The contemporary black female body exists in the shadow of her ancestors, only seen in instances of negativity, because to acknowledge her in her beauty and brilliance is to threaten the false esteem of her oppressors. Sadly, the same is true for the melanated individuals referenced interchangeably with those black in body and mind. In conversations or simply in the presence of melanated folk, the black woman is ignored if not overtly deficient in one way or another.
In Black Looks, scholar and cultural critic bell hooks says the following of black female visibility:
Objectified in a manner similar to the block female slaves who stood on auction blocks while owners and overseers described their important, salable parts, the black woman whose naked bodies were displayed for whites out social function had no presence. They were reduced to mere spectacles. Their body parts were offered as evidence to support racist notions that black people were more a kin to animals than other humans (hooks 62).
Just like the Saartje Baartmans of the past, the black female body remains a dismembered presence that only becomes visible to prove white superiority. The black woman is commonly shoved, reached over and ignored in quotidian activities from riding the train to grocery shopping. However, if wearing a garment where her protruding backside is visible, or her breasts or legs are exposed, she assumes the hyper visibility of her ancestors cast along the auction block, dismembered by the white male gaze and itemized for white male consumption.
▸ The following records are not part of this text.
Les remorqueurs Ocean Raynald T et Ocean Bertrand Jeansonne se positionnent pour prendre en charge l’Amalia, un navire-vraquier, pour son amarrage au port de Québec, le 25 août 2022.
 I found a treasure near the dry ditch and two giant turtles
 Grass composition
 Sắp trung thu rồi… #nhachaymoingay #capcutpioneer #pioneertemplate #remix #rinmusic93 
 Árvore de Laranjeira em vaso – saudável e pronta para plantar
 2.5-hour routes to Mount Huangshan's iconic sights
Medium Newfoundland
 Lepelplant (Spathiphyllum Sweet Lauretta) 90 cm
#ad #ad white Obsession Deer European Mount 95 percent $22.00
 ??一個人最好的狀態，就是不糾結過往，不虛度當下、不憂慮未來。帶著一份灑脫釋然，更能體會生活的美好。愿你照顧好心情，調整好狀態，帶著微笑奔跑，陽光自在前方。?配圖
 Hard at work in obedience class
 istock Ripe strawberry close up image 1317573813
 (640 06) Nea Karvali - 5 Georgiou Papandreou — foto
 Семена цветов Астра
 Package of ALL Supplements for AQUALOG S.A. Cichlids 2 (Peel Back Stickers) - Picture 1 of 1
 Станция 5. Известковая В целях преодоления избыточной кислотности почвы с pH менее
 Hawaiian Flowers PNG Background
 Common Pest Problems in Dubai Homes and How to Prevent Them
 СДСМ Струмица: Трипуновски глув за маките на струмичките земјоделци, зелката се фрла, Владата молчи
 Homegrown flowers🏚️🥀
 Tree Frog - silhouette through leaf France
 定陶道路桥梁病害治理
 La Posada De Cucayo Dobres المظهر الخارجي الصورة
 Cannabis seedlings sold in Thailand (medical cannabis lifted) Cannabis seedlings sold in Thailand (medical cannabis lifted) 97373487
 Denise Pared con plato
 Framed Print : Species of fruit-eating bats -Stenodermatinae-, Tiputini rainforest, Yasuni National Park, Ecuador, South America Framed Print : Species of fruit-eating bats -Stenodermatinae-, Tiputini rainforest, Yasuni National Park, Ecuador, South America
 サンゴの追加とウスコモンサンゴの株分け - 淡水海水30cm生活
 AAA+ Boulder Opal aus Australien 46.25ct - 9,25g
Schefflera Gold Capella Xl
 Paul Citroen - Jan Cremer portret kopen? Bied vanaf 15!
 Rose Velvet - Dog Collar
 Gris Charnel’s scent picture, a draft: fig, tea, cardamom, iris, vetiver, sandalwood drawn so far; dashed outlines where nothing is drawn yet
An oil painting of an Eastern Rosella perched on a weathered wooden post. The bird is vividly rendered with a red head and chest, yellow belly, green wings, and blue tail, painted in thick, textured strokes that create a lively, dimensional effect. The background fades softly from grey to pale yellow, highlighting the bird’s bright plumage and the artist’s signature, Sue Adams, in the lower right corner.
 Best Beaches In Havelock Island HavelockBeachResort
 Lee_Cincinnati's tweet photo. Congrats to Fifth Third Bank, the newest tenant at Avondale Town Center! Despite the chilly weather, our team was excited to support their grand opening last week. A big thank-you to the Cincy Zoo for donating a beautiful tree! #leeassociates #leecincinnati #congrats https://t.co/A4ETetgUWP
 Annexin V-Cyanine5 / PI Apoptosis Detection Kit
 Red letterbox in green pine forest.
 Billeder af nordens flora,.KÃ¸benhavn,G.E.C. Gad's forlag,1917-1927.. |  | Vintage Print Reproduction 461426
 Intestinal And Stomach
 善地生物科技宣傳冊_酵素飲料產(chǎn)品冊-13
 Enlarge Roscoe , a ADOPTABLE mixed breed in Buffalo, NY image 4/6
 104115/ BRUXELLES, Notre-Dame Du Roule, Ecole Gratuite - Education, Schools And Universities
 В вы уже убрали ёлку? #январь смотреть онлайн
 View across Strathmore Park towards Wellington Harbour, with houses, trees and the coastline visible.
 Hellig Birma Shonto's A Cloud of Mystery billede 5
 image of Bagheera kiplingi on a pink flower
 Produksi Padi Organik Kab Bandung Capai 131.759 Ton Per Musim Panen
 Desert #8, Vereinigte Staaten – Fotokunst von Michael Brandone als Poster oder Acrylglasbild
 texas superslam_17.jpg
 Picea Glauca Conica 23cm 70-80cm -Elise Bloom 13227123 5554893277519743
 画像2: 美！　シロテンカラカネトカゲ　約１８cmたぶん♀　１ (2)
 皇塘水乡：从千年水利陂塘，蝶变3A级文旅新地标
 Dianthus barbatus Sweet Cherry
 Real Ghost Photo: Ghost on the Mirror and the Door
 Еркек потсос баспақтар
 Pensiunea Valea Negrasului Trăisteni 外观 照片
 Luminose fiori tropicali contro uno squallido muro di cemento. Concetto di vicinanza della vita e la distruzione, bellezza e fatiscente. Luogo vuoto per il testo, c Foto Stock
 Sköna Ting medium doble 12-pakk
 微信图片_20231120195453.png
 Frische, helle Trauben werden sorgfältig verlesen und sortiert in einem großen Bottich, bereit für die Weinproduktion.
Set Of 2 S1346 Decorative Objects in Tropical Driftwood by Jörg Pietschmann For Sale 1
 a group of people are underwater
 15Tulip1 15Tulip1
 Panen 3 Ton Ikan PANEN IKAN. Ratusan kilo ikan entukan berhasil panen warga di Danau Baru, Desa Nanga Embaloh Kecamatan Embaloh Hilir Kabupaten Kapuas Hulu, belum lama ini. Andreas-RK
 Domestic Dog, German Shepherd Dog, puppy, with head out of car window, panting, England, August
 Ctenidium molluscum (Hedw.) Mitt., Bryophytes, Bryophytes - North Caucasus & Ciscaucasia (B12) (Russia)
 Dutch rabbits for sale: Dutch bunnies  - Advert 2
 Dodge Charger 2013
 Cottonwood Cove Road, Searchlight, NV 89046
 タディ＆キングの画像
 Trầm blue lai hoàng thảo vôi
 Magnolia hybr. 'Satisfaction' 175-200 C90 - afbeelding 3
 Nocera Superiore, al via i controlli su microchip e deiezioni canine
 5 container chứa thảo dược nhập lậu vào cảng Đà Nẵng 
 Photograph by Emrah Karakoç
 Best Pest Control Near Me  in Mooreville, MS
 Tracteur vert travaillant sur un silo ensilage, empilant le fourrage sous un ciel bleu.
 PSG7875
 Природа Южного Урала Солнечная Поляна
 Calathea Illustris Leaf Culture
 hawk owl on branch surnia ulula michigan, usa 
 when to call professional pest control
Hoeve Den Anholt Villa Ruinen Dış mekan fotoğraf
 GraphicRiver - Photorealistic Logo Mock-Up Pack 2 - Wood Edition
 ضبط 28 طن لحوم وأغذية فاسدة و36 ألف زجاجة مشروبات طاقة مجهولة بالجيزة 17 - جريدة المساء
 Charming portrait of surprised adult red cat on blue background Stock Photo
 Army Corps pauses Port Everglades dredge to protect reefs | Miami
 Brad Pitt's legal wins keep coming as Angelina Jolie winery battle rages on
I write this post in hopes of enlightening the black female and even black males to embedded expectations that subconsciously recruit us as soldiers of white supremacy. Namely, many blacks have also grown comfortable with caricatures blackness and downcast their own for failing to embody the necessary imperfection to seem normal in our western setting. This imperfection is commonly conceptualized in labeling the black female body a “bitch” or “whore.”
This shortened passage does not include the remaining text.